Trial and Arbitration Options for a Personal Injury Claim.
Option One: a Jury Trial
In a courtroom trial where damages are expected to exceed $50,000, an eight to twelve member jury typically hears the case. Doctors and other experts must testify in person or on video. The jury decides if the defendant was negligent, then determines the size of the injured person’s monetary award.
Option Two: an Arbitration Hearing
In an arbitration hearing, a panel of three attorneys (arbitrators) set in the Court of Common Pleas decides if a defendant was negligent, then determines the damages, up to $50,000. Instead of live or video testimony, reports by doctors and other experts are introduced into evidence. The award can be appealed within 30 days, then heard by a jury or, if both parties agree, by a judge.

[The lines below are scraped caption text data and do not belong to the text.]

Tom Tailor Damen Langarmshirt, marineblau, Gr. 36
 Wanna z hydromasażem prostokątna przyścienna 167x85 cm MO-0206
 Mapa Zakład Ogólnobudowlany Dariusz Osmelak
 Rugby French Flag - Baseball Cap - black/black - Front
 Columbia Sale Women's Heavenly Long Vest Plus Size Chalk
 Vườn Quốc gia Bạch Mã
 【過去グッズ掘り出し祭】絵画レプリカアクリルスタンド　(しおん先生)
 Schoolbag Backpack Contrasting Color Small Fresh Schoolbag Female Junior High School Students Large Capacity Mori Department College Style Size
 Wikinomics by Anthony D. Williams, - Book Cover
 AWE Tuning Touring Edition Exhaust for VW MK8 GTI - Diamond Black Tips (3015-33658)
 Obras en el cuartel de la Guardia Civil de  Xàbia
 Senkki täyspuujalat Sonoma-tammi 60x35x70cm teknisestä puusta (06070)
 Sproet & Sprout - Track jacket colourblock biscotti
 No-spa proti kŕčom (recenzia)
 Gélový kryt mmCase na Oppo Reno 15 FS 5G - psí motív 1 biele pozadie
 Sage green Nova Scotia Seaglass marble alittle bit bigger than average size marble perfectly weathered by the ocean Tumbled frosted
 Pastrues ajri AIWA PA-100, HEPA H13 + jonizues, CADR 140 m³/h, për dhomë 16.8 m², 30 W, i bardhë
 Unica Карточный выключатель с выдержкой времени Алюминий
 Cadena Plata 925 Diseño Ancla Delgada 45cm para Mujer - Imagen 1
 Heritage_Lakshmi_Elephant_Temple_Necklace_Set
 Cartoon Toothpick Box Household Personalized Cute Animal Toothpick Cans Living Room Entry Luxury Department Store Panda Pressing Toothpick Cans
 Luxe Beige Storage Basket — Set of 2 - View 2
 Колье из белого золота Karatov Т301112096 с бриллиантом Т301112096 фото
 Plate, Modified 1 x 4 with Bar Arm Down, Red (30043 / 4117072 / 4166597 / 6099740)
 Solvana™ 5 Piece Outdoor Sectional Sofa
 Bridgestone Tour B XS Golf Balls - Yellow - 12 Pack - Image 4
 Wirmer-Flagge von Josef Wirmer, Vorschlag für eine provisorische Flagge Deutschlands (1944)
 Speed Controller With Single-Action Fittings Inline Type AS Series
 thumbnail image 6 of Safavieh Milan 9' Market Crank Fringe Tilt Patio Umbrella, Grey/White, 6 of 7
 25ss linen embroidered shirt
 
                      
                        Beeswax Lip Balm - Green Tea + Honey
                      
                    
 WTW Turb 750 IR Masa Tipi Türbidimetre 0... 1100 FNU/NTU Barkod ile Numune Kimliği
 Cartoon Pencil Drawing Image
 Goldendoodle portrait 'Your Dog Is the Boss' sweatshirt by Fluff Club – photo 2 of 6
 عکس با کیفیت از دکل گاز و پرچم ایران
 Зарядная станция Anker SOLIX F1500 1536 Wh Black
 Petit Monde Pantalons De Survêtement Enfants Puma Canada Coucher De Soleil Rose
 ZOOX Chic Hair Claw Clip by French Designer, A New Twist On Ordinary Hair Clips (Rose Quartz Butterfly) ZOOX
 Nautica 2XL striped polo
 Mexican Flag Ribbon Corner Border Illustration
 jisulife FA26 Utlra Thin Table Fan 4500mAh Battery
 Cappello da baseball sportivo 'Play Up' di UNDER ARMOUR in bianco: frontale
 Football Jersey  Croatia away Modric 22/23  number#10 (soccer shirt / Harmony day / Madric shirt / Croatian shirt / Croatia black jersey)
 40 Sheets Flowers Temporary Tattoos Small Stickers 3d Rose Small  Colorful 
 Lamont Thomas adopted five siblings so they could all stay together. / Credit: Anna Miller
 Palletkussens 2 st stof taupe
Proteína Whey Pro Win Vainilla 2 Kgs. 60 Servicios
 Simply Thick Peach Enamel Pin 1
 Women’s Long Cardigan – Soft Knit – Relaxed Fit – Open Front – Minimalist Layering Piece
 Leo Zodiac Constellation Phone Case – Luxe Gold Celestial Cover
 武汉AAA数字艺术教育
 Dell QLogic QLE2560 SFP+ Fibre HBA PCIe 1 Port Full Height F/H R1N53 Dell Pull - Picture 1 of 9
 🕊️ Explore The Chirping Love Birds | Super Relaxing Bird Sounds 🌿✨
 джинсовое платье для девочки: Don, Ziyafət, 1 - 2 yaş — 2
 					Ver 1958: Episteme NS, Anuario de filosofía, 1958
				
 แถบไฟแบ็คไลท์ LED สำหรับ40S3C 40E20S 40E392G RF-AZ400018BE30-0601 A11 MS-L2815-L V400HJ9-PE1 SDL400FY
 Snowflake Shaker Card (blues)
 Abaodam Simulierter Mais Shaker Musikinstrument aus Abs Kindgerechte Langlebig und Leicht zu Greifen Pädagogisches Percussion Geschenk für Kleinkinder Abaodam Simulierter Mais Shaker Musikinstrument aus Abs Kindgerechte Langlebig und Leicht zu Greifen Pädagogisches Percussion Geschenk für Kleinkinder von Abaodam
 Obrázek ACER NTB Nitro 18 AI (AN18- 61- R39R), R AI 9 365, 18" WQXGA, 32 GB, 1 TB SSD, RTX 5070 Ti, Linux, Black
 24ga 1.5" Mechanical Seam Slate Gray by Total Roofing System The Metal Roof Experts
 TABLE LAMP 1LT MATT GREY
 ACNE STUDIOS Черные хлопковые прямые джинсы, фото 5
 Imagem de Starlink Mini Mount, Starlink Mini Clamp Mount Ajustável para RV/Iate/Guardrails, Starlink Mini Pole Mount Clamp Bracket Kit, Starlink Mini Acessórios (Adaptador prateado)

Alternative Arbitration Formats
Another form of arbitration can be heard by either one or three lawyers. The attorneys of the injured person and the at-fault driver must agree to this format, and decide if the award will be binding. If they agree to three arbitrators, each attorney selects one lawyer, who together appoint a third. This attorney is considered neutral, and acts as chairperson at the hearing. The hearing typically takes place in the neutral attorney’s office, where the panel typically consider the reports of doctors and other experts, just as they do in Common Pleas arbitration.
Another common alternative, called a “High-Low Arbitration,” occurs when the attorneys for the injured person and the insurance company negotiate a maximum and minimum award. At the hearing’s conclusion, the arbitrators arrive at a dollar figure between the high and low amounts.